陆离没有像先前那般蛮横地横冲直撞,而是将鸡巴深深地埋在刘小玲最温热的花心深处,保持着一种极具占有欲的契合。
他一米一八五的精壮身躯结结实实地压在刘小玲多肉的肉弹身子上,两人的汗水彻底融合在一处,黏腻而滚烫。
他修长的手指穿过刘小玲被汗水浸透的短发,轻轻吻着她红肿的唇瓣、满是潮红的脸颊,最后将嘴唇贴在她那只被他吸吮得有些发烫的耳垂上。
空气中那股混合了顶级香槟、娇兰香水、高级尼龙丝袜汗香以及最隐秘处腥甜的复杂异香,在两人舒缓的厮磨中,反而多了一种近乎病态的温柔与相依为命的依恋。
陆离: “妈妈……小玲……我们不分开了。
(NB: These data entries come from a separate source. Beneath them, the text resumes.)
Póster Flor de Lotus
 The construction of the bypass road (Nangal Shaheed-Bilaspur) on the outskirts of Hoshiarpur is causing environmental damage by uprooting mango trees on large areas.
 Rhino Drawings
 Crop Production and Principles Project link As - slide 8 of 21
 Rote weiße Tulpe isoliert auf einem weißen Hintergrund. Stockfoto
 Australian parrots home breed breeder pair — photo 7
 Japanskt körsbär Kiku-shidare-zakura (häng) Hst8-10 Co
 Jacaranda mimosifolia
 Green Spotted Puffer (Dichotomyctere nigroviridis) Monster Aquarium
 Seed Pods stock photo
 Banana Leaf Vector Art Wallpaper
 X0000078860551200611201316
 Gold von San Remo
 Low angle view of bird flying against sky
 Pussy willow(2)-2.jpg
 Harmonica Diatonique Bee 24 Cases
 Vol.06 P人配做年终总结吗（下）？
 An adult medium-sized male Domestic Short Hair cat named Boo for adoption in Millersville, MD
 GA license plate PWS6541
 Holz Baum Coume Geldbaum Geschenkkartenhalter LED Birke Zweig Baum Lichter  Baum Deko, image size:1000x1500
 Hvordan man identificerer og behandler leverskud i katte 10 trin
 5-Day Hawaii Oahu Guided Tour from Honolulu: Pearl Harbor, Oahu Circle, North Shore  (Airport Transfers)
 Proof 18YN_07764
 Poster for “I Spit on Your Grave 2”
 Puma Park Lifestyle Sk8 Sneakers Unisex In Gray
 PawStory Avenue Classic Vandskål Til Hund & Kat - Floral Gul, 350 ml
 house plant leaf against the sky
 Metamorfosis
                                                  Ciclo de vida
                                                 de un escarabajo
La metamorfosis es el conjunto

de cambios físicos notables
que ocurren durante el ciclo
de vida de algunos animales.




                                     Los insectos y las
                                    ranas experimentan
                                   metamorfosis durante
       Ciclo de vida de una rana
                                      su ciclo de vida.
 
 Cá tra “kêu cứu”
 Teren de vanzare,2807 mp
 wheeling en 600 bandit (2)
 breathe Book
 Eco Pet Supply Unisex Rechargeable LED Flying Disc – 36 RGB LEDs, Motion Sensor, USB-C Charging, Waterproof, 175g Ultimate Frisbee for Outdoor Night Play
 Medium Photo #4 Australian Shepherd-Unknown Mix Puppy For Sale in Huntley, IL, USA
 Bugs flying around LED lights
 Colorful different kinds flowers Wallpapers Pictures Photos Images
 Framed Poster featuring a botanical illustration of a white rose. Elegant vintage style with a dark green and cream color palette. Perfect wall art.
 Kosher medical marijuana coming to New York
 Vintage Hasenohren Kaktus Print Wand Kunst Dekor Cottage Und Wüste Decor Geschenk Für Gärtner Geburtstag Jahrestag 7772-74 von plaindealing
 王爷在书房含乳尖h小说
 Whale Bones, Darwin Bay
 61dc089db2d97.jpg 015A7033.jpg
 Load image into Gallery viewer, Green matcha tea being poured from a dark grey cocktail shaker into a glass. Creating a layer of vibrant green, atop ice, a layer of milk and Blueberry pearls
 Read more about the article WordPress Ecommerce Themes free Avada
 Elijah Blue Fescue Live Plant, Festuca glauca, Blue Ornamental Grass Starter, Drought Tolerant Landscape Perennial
等我爸这次回来,我要暑假在家天天操你,然后每次假期都回家。等毕业以后,他在外面算他的数字,你在我怀里做我的女人。”
陆离的声音有些沙哑,他的大掌缓缓向下,爱抚着刘小玲那因为刚刚高潮过后面临痉挛、正微微颤抖着的丰腴大腿肉。
那双早已烂成布条、油亮湿透的肉色丝袜残骸还挂在她的脚踝和小腿处,陆离有些偏执地用粗糙的脚掌去蹭着那层满是熟味的尼龙,眼里全是扭曲却炽热的爱意。
刘小玲原本迷离的眼神在听到少年的情话时,泛起了一层真正的泪光。
三十六岁的她,在商场和陆安全的冷漠中枯萎了太久,如今在这个十八岁继子狂暴却又真挚的爱欲里,她才感觉自己被真正当成了一个女人来疼爱。
她伸出丰润的双臂,死死搂住陆离紧绷的脖颈,将自己的三十六D豪乳死死贴在他的胸膛上,娇喘着往他怀里缩:
刘小玲: “好孩子……妈妈的小老公……妈妈也离不开你了。可光是偷情怎么够?你爸那个老狐狸,精明了一辈子,要是被他发现端倪,他会毁了你的前途。我们要拿走他的一切,连他的血脉……都得换成你的。”
她一边说着,一边主动抬起那双挂着残破丝袜、多肉丰满的大腿,在陆离腰间有些挑逗地磨蹭着,逼里的鸡巴再度胀大了一圈。
刘小玲有些疯狂地咯咯娇笑着,将嘴唇凑到陆离耳边,吐气如兰:
刘小玲: “小离……今晚,妈妈不吃药了。我要怀上你的孩子……怀上你的种。等肚子大起来,我就说是你爸的。让他每天在外面拼死拼活挣下的家产,最后全由我们两个人的孩子来继承。让他这个当老子的,高高兴兴地给我们的小宝贝当一辈子接盘侠……好不好?”
这番极其悖逆伦理、甚至堪称恶毒算计的对白,从这个温婉丰腴的继母嘴里说出来,却带着一种令人毛骨悚然的深情。
陆离的身子猛地一震,这种将亲生父亲玩弄于股掌之间、彻底掠夺他一切的计划,让他的每一个细胞都兴奋得战栗起来。
他低下头,近乎狂热地死死吻住了刘小玲,大舌在她的口腔里疯狂绞动,吸食着那股让他彻底沦陷的催情口水味。
陆离: “好……听妈妈的。怀我的孩子,让他当接盘侠。过几天天他回来,你照样穿上他买的丝袜去敷衍他,但你得记住,你肚子里怀着我的种,你这具身子每一处被他碰过的地方,回来我都要用嘴重新洗一遍。”
少年在她的体内缓缓转动、研磨起来,这一次的动作没有了先前的暴虐,反而带着一种黏稠、绵长且深沉的爱意,每一次推进都深深地、温柔地碾压在刘小玲的花心上,像是要把自己的一切都刻进这个女人的灵魂深处。
刘小玲: “啊……哈……老公……妈妈的小老公……妈妈只让你洗……生了我们的孩子,我们三个才是一家人,你爸……他只是个外人……噢!”
在巨大的婚纱照下,在属于丈夫的床上,刘小玲抓紧了床单,那双裹着残破尼龙丝袜的多肉小脚幸福地在半空中舒展、蜷缩。
两个扭曲却真心相爱的灵魂,在这场充满背德、算计与绝望爱欲的熔炉中,彻底完成了对余生的绑架,一步步走向了那片万劫不复却又繁花似锦的黑暗深处。
在巨大的婚纱照下,在属于丈夫的床上,刘小玲抓紧了床单,那双裹着残破尼龙丝袜的多肉小脚幸福地在半空中舒展、蜷缩。